→ **WHAT YOU NEED TO DO**
This exercise calls for printing every record exactly once more.

→ **DATASET RECORDS**
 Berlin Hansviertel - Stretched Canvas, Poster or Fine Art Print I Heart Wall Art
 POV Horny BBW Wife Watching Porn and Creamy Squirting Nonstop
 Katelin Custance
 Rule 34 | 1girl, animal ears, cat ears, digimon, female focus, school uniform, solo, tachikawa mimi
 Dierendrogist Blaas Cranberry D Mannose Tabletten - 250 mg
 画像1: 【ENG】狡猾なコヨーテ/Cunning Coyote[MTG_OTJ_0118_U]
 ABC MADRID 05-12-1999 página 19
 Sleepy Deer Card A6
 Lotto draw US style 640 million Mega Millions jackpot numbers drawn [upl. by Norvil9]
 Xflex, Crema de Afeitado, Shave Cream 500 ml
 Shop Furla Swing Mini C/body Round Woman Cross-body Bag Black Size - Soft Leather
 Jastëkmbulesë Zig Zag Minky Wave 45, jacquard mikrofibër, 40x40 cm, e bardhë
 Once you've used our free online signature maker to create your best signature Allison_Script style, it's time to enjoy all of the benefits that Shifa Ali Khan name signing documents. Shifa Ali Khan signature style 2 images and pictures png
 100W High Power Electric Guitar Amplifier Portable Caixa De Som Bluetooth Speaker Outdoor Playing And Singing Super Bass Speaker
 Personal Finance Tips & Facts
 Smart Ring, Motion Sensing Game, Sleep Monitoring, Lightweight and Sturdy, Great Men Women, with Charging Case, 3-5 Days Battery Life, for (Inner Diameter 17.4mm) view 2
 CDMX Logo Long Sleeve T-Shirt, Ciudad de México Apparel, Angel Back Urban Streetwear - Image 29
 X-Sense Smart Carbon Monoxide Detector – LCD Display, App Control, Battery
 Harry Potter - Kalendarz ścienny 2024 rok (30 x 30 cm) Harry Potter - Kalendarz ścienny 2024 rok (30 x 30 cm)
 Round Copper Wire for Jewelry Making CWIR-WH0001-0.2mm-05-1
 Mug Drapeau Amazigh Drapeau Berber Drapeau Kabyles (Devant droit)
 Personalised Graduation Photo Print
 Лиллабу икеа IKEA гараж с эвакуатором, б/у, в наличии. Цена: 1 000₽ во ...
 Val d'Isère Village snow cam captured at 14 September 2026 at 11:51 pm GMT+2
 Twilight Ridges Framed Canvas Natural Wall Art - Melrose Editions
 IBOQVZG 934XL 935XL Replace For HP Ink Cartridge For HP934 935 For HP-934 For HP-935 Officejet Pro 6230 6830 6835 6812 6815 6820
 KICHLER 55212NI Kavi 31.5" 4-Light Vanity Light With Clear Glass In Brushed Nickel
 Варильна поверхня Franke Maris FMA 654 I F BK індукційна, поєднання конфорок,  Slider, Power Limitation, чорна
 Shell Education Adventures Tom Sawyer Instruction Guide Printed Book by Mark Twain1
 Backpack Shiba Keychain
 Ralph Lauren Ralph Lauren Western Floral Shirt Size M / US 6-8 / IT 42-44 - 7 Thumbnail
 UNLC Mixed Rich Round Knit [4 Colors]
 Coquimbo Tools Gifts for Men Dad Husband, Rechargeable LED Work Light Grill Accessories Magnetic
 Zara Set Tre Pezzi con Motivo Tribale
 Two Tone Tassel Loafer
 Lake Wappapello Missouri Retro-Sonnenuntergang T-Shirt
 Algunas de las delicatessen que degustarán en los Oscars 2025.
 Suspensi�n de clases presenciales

→ **OUTPUT**
 Berlin Hansviertel - Stretched Canvas, Poster or Fine Art Print I Heart Wall Art
 POV Horny BBW Wife Watching Porn and Creamy Squirting Nonstop
 Katelin Custance
 Rule 34 | 1girl, animal ears, cat ears, digimon, female focus, school uniform, solo, tachikawa mimi
 Dierendrogist Blaas Cranberry D Mannose Tabletten - 250 mg
 画像1: 【ENG】狡猾なコヨーテ/Cunning Coyote[MTG_OTJ_0118_U]
 ABC MADRID 05-12-1999 página 19
 Sleepy Deer Card A6
 Lotto draw US style 640 million Mega Millions jackpot numbers drawn [upl. by Norvil9]
 Xflex, Crema de Afeitado, Shave Cream 500 ml
 Shop Furla Swing Mini C/body Round Woman Cross-body Bag Black Size - Soft Leather
 Jastëkmbulesë Zig Zag Minky Wave 45, jacquard mikrofibër, 40x40 cm, e bardhë
 Once you've used our free online signature maker to create your best signature Allison_Script style, it's time to enjoy all of the benefits that Shifa Ali Khan name signing documents. Shifa Ali Khan signature style 2 images and pictures png
 100W High Power Electric Guitar Amplifier Portable Caixa De Som Bluetooth Speaker Outdoor Playing And Singing Super Bass Speaker
 Personal Finance Tips & Facts
 Smart Ring, Motion Sensing Game, Sleep Monitoring, Lightweight and Sturdy, Great Men Women, with Charging Case, 3-5 Days Battery Life, for (Inner Diameter 17.4mm) view 2
 CDMX Logo Long Sleeve T-Shirt, Ciudad de México Apparel, Angel Back Urban Streetwear - Image 29
 X-Sense Smart Carbon Monoxide Detector – LCD Display, App Control, Battery
 Harry Potter - Kalendarz ścienny 2024 rok (30 x 30 cm) Harry Potter - Kalendarz ścienny 2024 rok (30 x 30 cm)
 Round Copper Wire for Jewelry Making CWIR-WH0001-0.2mm-05-1
 Mug Drapeau Amazigh Drapeau Berber Drapeau Kabyles (Devant droit)
 Personalised Graduation Photo Print
 Лиллабу икеа IKEA гараж с эвакуатором, б/у, в наличии. Цена: 1 000₽ во ...
 Val d'Isère Village snow cam captured at 14 September 2026 at 11:51 pm GMT+2
 Twilight Ridges Framed Canvas Natural Wall Art - Melrose Editions
 IBOQVZG 934XL 935XL Replace For HP Ink Cartridge For HP934 935 For HP-934 For HP-935 Officejet Pro 6230 6830 6835 6812 6815 6820
 KICHLER 55212NI Kavi 31.5" 4-Light Vanity Light With Clear Glass In Brushed Nickel
 Варильна поверхня Franke Maris FMA 654 I F BK індукційна, поєднання конфорок,  Slider, Power Limitation, чорна
 Shell Education Adventures Tom Sawyer Instruction Guide Printed Book by Mark Twain1
 Backpack Shiba Keychain
 Ralph Lauren Ralph Lauren Western Floral Shirt Size M / US 6-8 / IT 42-44 - 7 Thumbnail
 UNLC Mixed Rich Round Knit [4 Colors]
 Coquimbo Tools Gifts for Men Dad Husband, Rechargeable LED Work Light Grill Accessories Magnetic
 Zara Set Tre Pezzi con Motivo Tribale
 Two Tone Tassel Loafer
 Lake Wappapello Missouri Retro-Sonnenuntergang T-Shirt
 Algunas de las delicatessen que degustarán en los Oscars 2025.
 Suspensi�n de clases presenciales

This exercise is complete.